We use notation motivated by QN algorithms in non-linear optimization. SPD means symmetric positive definite and W is an SPD weight matrix. $X^+$ denotes the Moore-Penrose pseudo-inverse of X; $\langle X, Y \rangle _F = \mathrm Tr\left[ X^\top Y\right] $ and $\Vert X\Vert _F^2 = \langle X, X \rangle _F$ are the Frobenius inner product and norm. For conforming SPD weights $W_1$ and $W_2$ the weighted Frobenius norm (with special case $X = X^\top $ and $W=W_1=W_2$ written $F(W^{-1})$) is

$$\begin{aligned} \Vert X\Vert _{F(W_{1}^{-1},W_{2}^{-1})}^2 = \Vert W_{1}^{-1/2}X\,W_{2}^{-1/2}\Vert _{F}^2. \end{aligned}$$

The W-weighted projector $\mathcal {P}$, which projects onto the column space of $W\,U$,

$$\begin{aligned} \mathcal {P} = P_{W^{-1},U} = W\,U(U^\top \,W\,U)^{-1}U^{\top }, \end{aligned}$$

(1)

satisfies $\mathcal {P} \, W = W \, \mathcal {P}^\top = \mathcal {P} \, W \, \mathcal {P}^\top \quad \text{ and } \quad W^{-1}\mathcal {P} = \mathcal {P}^\top W^{-1} = \mathcal {P}^\top \, W^{-1} \, \mathcal {P}$.

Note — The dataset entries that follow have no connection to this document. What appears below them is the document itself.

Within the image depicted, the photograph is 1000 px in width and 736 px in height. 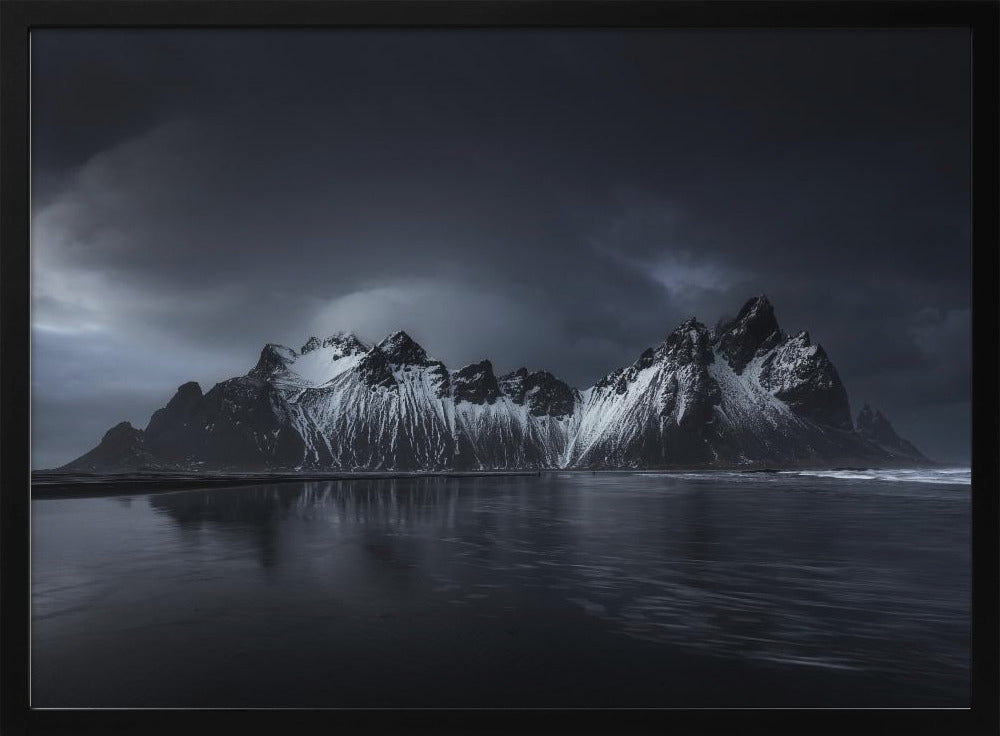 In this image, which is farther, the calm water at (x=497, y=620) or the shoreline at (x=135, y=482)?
the shoreline at (x=135, y=482)

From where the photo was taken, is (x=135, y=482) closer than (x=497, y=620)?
No

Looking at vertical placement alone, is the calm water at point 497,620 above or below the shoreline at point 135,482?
above

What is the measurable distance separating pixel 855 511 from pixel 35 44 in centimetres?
3252

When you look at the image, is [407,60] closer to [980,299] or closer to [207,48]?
[207,48]

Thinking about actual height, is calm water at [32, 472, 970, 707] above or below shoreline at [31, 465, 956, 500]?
above

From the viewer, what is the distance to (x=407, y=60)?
669 cm

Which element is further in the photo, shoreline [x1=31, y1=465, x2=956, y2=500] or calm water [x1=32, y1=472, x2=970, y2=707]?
shoreline [x1=31, y1=465, x2=956, y2=500]

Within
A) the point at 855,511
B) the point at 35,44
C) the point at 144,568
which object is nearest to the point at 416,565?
the point at 144,568

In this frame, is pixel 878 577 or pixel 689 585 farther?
pixel 878 577

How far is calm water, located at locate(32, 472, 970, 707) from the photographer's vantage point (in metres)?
6.15

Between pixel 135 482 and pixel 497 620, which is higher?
pixel 497 620

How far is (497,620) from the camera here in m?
8.81

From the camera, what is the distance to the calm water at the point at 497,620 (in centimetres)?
615

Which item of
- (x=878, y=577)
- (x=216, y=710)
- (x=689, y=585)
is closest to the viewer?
(x=216, y=710) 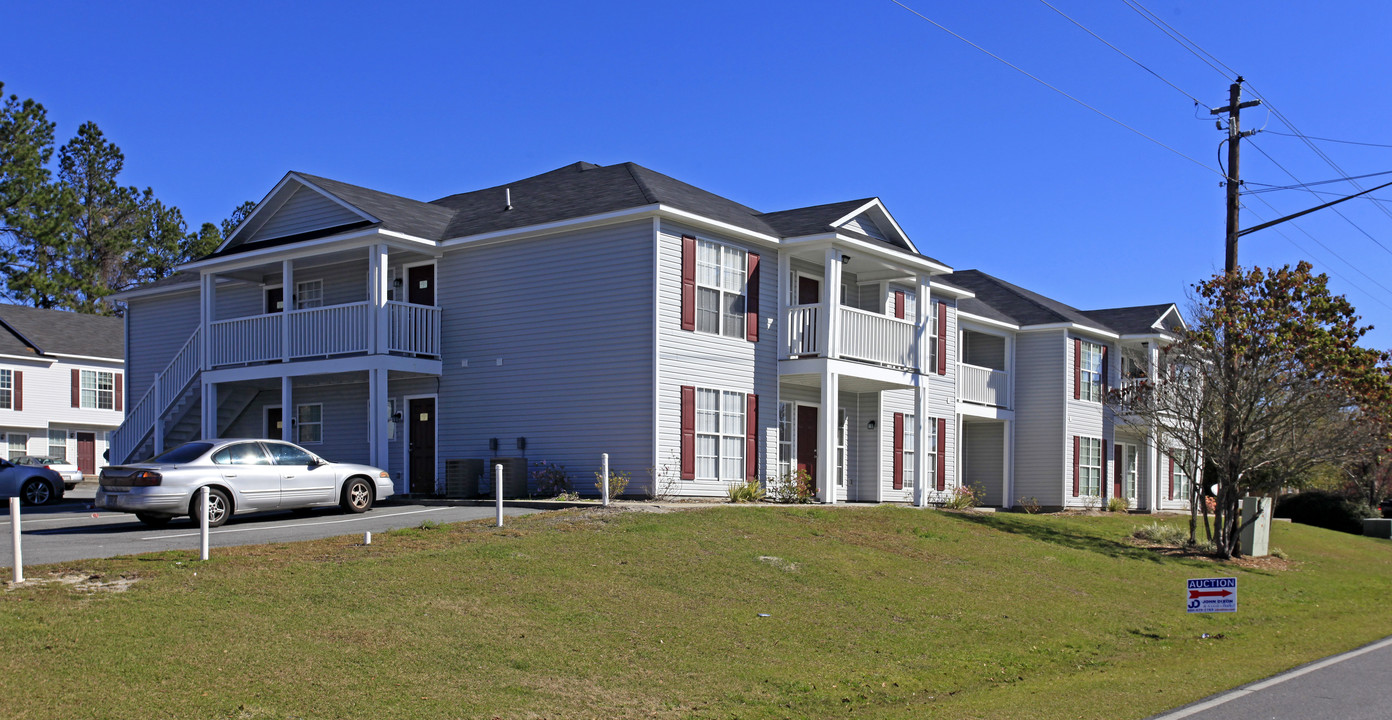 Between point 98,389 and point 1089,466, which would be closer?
point 1089,466

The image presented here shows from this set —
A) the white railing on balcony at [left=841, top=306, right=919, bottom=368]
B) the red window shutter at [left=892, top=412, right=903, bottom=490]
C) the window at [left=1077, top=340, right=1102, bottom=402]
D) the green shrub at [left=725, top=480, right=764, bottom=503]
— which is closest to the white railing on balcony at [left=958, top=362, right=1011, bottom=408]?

3 Randomized One-Sided Quasi-Newton Algorithms

Our iterative approximations to A using two-sided samples are motivated by the one-sided sampled algorithms in [6] and QN optimization algorithms. Classical QN schemes for SPD matrices A are formulated as constrained minimum change updates for $B\approx A$ or $H\approx A^{-1}$ in weighted Frobenius norms [12]: the constraint enforces the new information while the minimum change condition stabilizes the update. The one-sided sampled update algorithms in [5, 6] are given by the KKT [8, 12] equations (with particular choices of weight W) for the quadratic programs

$$\begin{aligned} B_{k+1}&=\mathop {\mathrm {arg\,min}}\limits _{B} \left\{ \frac{1}{2}\Vert B-B_k\Vert _{F(W^{-1})}^2 \mid B\,U_k = A\, U_k \text { and } B=B^\top \right\} , \end{aligned}$$

(2)

$$\begin{aligned} H_{k+1}&=\mathop {\mathrm {arg\,min}}_{H} \left\{ \frac{1}{2}\Vert H-H_k\Vert _{F(W^{-1})}^2 \mid U_k = H\, A\, U_k \text { and } H=H^\top \right\} . \end{aligned}$$

(3)

The analytical updates defined by Eqs. (2) and (3), are

$$\begin{aligned} B_{k+1}&= B_k + \mathcal {P}_B (A - B_k) + (A - B_k)\mathcal {P}_B^\top - \mathcal {P}_B(A - B_k)\mathcal {P}_B^\top , \end{aligned}$$

(4)

$$\begin{aligned} H_{k+1}&= H_k + \mathcal {P}_H (A^{-1} - H_k) + (A^{-1} - H_k)\mathcal {P}_H^\top - \mathcal {P}_H(A^{-1} - H_k)\mathcal {P}_H^\top , \end{aligned}$$

(5)

where the weighted projectors $\mathcal {P}_B$ and $\mathcal {P}_H$ defined by Eq. (1) are

$$\begin{aligned} \mathcal {P}_B&= P_{W^{-1},U_k} = W\,U_k(U_k^\top \,W\,U_k)^{-1}U_k^\top , \\ \mathcal {P}_H&= P_{W^{-1},A\,U_k} = W\,A\,U_k(U_k^\top \,A\,W\,A\,U_k)^{-1}U_k^\top \,A. \end{aligned}$$

Note, these are two different updates using the same one-sided sample $A \, U_k$ which are not simply connected by the Sherman-Morrison-Woodbury (SMW) formula. In Eq. (4), $B_{k+1}$ is an improved approximation to A while in Eq. (5), $H_{k+1}$ is an improved approximation to $A^{-1}$. Familiar algorithms are obtained by selecting different weights, W. Block DFP [15] is Eq. (4) with $W = A$

$$\begin{aligned} B_{k+1} = \left( I_n-\mathcal {P}_{\text {DFP}}\right) \,B_k(I_n-\mathcal {P}_{\text {DFP}}^\top ) + \mathcal {P}_{\text {DFP}} \, A, \end{aligned}$$

where $ \mathcal {P}_{\text {DFP}} = P_{A^{-1},U_k} = A \,U_k(U_k^\top \, A \,U_k)^{-1}U_k^\top $. Block BFGS [5, 6] is the result of inverting Eq. (4) with $W=A^{-1}$ using the SMW formula

$$\begin{aligned} B_{k+1} = B_k - B_k U_k \left( U_k^\top B_k U_k \right) ^{-1} U_k^\top B_k + A \,U_k \left( U_k^\top A U_k\right) ^{-1} U_k^\top \,A. \end{aligned}$$

QN algorithms are commonly initialized with multiples of the identity.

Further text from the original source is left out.